Of course, in reality both major parties in both our nations are merely two arms of the "business party". So defining yourself as "left" or "right" is meaningless and counter-productive.
Furthermore, parties have to have "leaders", and leaders focus attention onto one individual, and away from the party. This is a bad thing, as it gets the people looking at one man with limited power, when they should be looking at a party
with a great deal of power. So we have a "culture of individuals" in politics, which merely functions as a distraction from the truth.
By totally abolishing party affiliations, individual local representatives would no longer be forced to go along with the will of their party, but would instead go along with the will of their people
. A fully independent system of representation might well be more expensive and time-consuming to run than a major-party system, but expense is hardly an issue when you're striving for such an important thing: democracy.
So any one of these changes would move us closer to democracy.
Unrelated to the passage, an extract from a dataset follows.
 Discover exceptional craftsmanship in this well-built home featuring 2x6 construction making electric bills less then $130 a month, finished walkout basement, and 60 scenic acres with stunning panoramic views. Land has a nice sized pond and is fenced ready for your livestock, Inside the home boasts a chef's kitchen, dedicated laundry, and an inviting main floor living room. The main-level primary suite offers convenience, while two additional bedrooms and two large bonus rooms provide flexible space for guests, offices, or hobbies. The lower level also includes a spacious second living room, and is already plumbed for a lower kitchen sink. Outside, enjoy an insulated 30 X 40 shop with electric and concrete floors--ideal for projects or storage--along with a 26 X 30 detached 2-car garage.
All of these changes at once would result in quite a democratic system, with people involved with their politicians at a local level, with politicians elected in a more fair and balanced way, with politicians performing the will of their constituents and ONLY the will of their constituents, with the will of each district combining to form the will of the nation, and would result in a nation which really WOULD have a moral right to lecture the rest of the world on freedom and democracy. We currently have no such right.
Could we make it work? We'd have to try to find out. But our current system doesn't "work", unless you happen to be one of the financial elite. Which, judging by the fact that we're all on the internet... we probably are. However, the fact that I do pretty well out of a corrupt system doesn't mean I want it to continue. I have morals, after all.